[Extracted material — start]

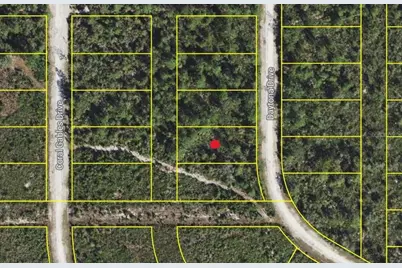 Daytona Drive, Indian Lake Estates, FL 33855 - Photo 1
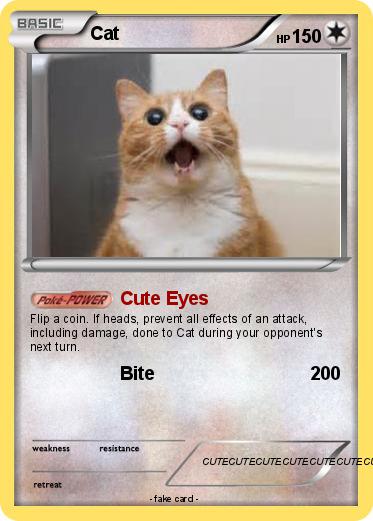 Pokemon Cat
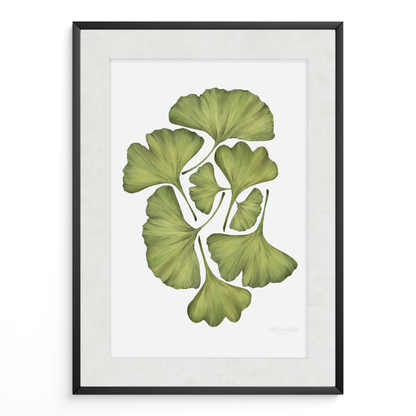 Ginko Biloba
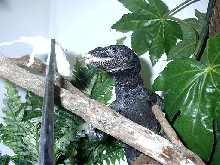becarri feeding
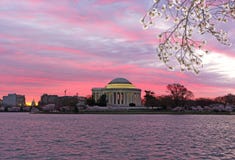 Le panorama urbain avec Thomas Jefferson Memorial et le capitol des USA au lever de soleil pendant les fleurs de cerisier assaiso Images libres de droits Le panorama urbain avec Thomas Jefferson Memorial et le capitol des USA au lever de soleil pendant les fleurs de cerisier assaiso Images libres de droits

[Extracted material — finish]
[Extracted material — start]

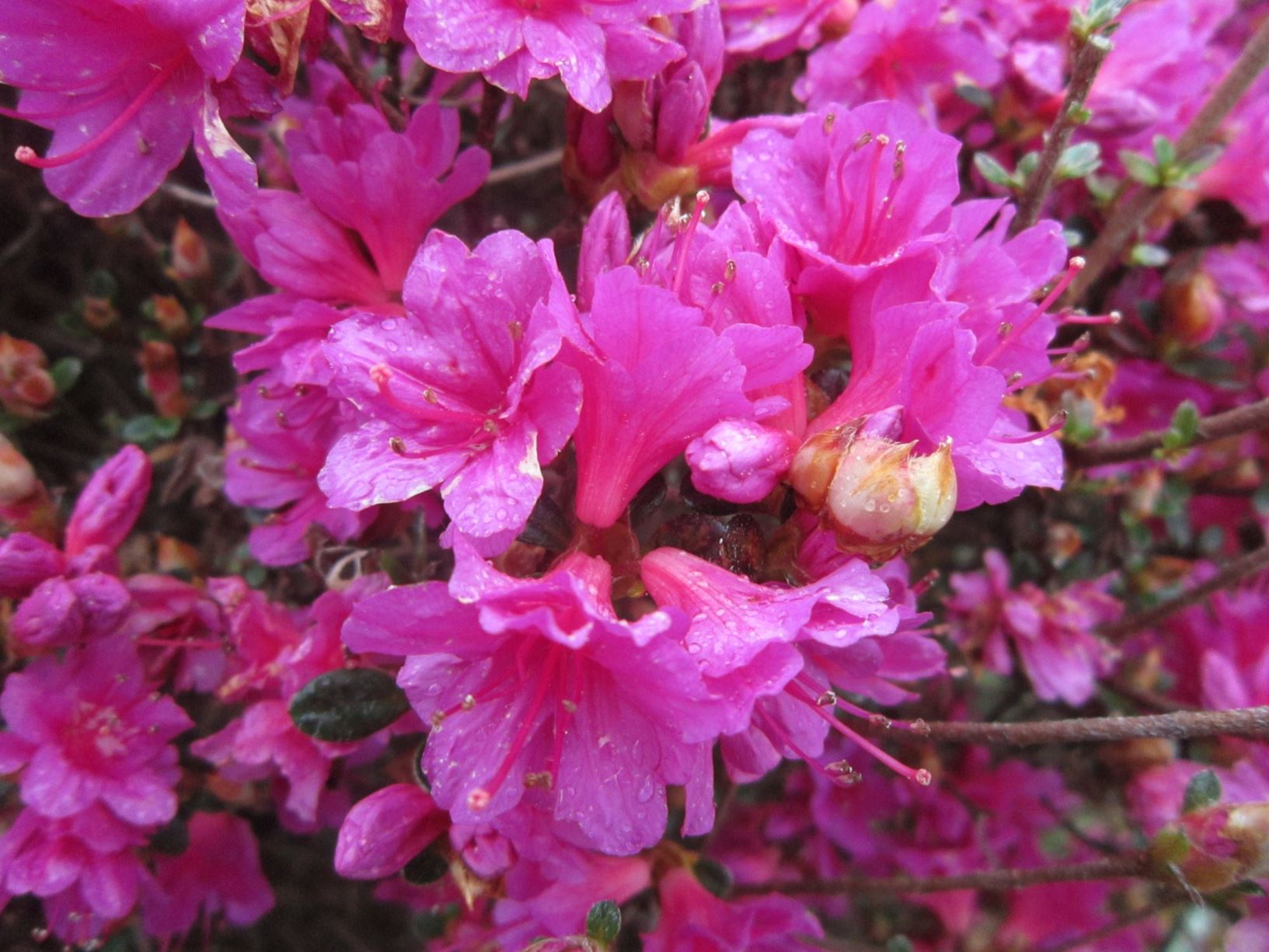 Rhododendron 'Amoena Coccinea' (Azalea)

[Extracted material — finish]

What the exercise asks
In the data above, find the line with "Ginko Biloba" and the line with "de droits Le". Please copy exactly those two lines and every line between them, but not the pictures.

Answer to this exercise
 Ginko Biloba
becarri feeding
 Le panorama urbain avec Thomas Jefferson Memorial et le capitol des USA au lever de soleil pendant les fleurs de cerisier assaiso Images libres de droits Le panorama urbain avec Thomas Jefferson Memorial et le capitol des USA au lever de soleil pendant les fleurs de cerisier assaiso Images libres de droits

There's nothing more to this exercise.